Le début des années 1970 marque, de fait, les débuts (réussis) de Bideau dans le cinéma. Mis à part deux apparitions dans les films de Georges Lautner (1965), puis Louis Malle (1967), il s’était surtout illustré au théâtre mais rien ne lui permettait, à l’époque, d’envisager une réelle carrière de comédien. « Nous habitions dans un HLM, un peu paumés et sans fric. C’était juste après mon mariage. Je suis passé proche d’une toute autre carrière, dans la campagne à traire des vaches. »

C’est James ou Pas (1970) de Soutter qui le révèle auprès des réalisateurs du pays. Avant, il n’était pas vraiment considéré auprès du Groupe 5. Michel Soutter, un cinéaste aux créations poétiques, avait alors laissé un grande liberté de jeu à Bideau; lâché, dans son style reconnaissable, l’acteur à peine trentenaire s’y était grandement amusé. « C’est le point de départ de tout puisque c’est cette liberté d’improvisation qui a donné l’envie à Goretta et Tanner de m’engager encore. Cela ne m’était encore jamais arrivé: tout d’un coup, je me retrouve à tourner dans trois films qui font un énorme succès. Je dois mon métier d’acteur à la chance. À la chance! » Il le répète trois fois. « Le reste, je n’y crois pas. Parce qu’avant ça, j’étais nul. »

Pas d’ami dans le métier, Jean-Luc Bideau se dit heureux aux côtés de sa femme Marcela et ses enfants, dont Nicolas est directeur de Présence Suisse. « Jean-Marc Stehlé était mon seul ami dans le métier, mais il est mort. Je n’ai jamais eu de véritable copain et j’aimerais bien savoir qui, dans ce milieu, a de vrais copains. La grande famille du cinéma n’est qu’une construction marketing. » © leMultimedia.info / Oreste Di Cristino [Vevey]

De la télévision au théâtre, Bideau se lâche

« La seule fois, où ma femme s’est battue pour que je tourne dans un projet à la télévision, c’était pour Ainsi Soient-Ils. » Une série télévisée dans laquelle il interprète le père Étienne Fromenger. Un succès qui lui vaut aussi son meilleur souvenir de tournage, entre 2012 et 2015. « Ma femme est pourtant très réservée. Mais pour cette série, elle s’est battue auprès de Rodolphe Tissot que je connaissais en tant qu’assistant pour que j’intègre le casting. » Le casting, sa seule occurrence – un exercice auquel Bideau ne réserve aucune faveur –, finira tout de même par le sélectionner malgré les réticences liminales de la chaîne ARTE.

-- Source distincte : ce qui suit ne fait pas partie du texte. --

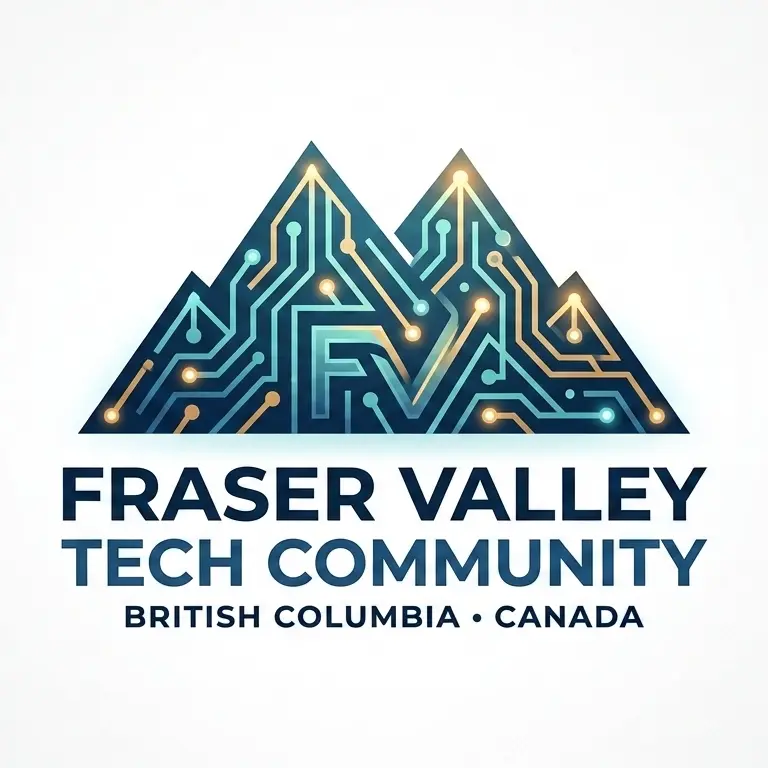 Fraser Valley Tech Pub Night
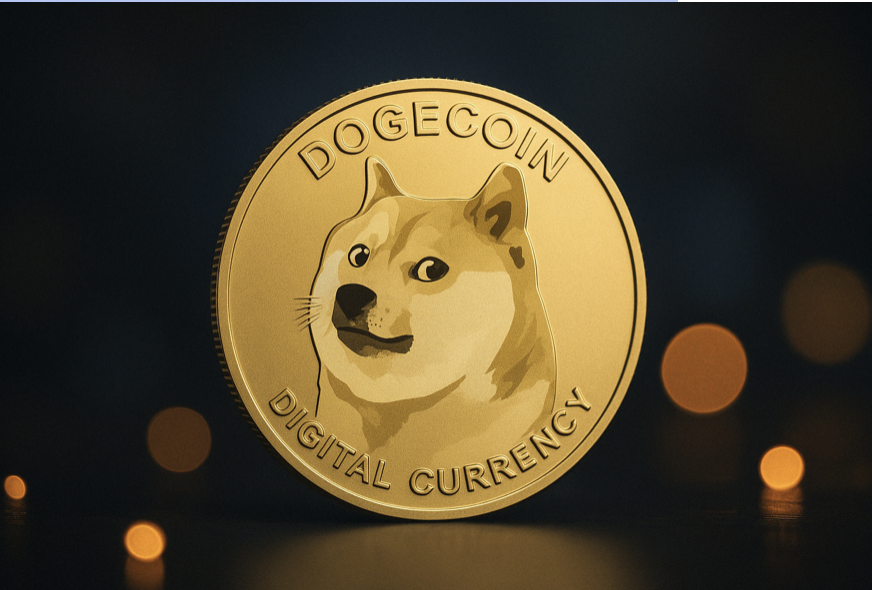 You are currently viewing Dogecoin 'Diamond Bottom' Pattern Suggests 300% Surge For DOGE But Can It Keep Up With 'XRP 2.0'?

« Mis à part Ainsi Soient-Ils, ma femme m’eut longtemps apostrophé pour les rôles que j’avais acceptés d’incarner, en montant à Paris pour pas grand chose. Le mépris absolu. » Ce rôle effectivement – dans la peau d’un prêtre progressiste qui en a raz-le-bol du pape –, lui changeait de ses précédentes apparitions à la télévision. Entre autres, les plus jeunes se rappellent surtout de son rôle déluré dans la série H d’Abd-el-Kader Aoun de 1998 à 2002, aux côtés d’Éric et Ramzy et Jamel Debbouze. Le sérieux, chez Jean-Luc Bideau, n’a jamais fait partie de ses bagages; aujourd’hui, il en joue plutôt bien. Il navigue sur son style de “fils de bourge” sans finesse. « Je n’ai pas beaucoup d’intelligence littéraire ou politique. Je ne suis pas un raisonnable. La seule chose qui me sauve, c’est que parfois j’ose me lancer. Et parfois encore, ça marche. »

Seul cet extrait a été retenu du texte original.